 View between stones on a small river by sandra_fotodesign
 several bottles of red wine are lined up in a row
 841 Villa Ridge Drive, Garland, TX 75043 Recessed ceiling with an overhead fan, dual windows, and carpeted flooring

> **Try it**
However many lines the data holds, return each one exactly.

> **Answer to this problem**
 View between stones on a small river by sandra_fotodesign
 several bottles of red wine are lined up in a row
 841 Villa Ridge Drive, Garland, TX 75043 Recessed ceiling with an overhead fan, dual windows, and carpeted flooring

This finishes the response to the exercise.